It's scary to think that soon there will be adults that never saw CRT-based TVs for sale at Big Box stores, and adults that never walked into a video club to rent a movie!

MileHigh

Cathodes, and filament-cathodes, are coated with a material that facilitates the emission of electrons. You can have cold-field emission if the voltage is high enough, you can have emission from hot surfaces that is greater than the cold-field emission for the same voltage, and you can use materials from which it is easy to knock off electrons, and then you have the best of both worlds. You can get electron emission in greater quantity and at lower temperatures if you use a hot, thoriated cathode material. But the electrons still have to be replaced, they do not deplete in the cathode, they just flow through it. Residual gases or exceeding the tube's ratings can cause premature failure of cathodes but any old radio nut will tell you that you get the longest life from a thermionic tube by leaving it on, 24-7.

[TinselKoala]

There is no such thing as a "chemical with a rich supply of electrons available."   The cathode is effectively two things at the sane time.  It is the secondary load of a transformer, that's how it heats up.  This is completely isolated from the main circuit which is the second component.  The main circuit pumps electrons through the cathode such that they end up striking the phosphor screen.  The main circuit is the source of the electrons.  The main circuit is not even "aware" that the cathode is also a load resistor for the secondary of a transformer.

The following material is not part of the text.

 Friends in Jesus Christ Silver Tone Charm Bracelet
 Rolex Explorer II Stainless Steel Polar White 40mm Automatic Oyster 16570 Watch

The heat facilitates the liberation of the electrons, somewhat akin to heating water facilitates the more rapid evaporation of the water.

And you forgot to mention that the Earth ground, in one form or another, replenishes the electrons that escape from the circuit by missing the anodes and striking the phosphor, so the circuit itself doesn't become depleted of electrons. The Earth is an essentially infinite sink and source of charge (electrons, holes). Which is which is determined by the local voltage level.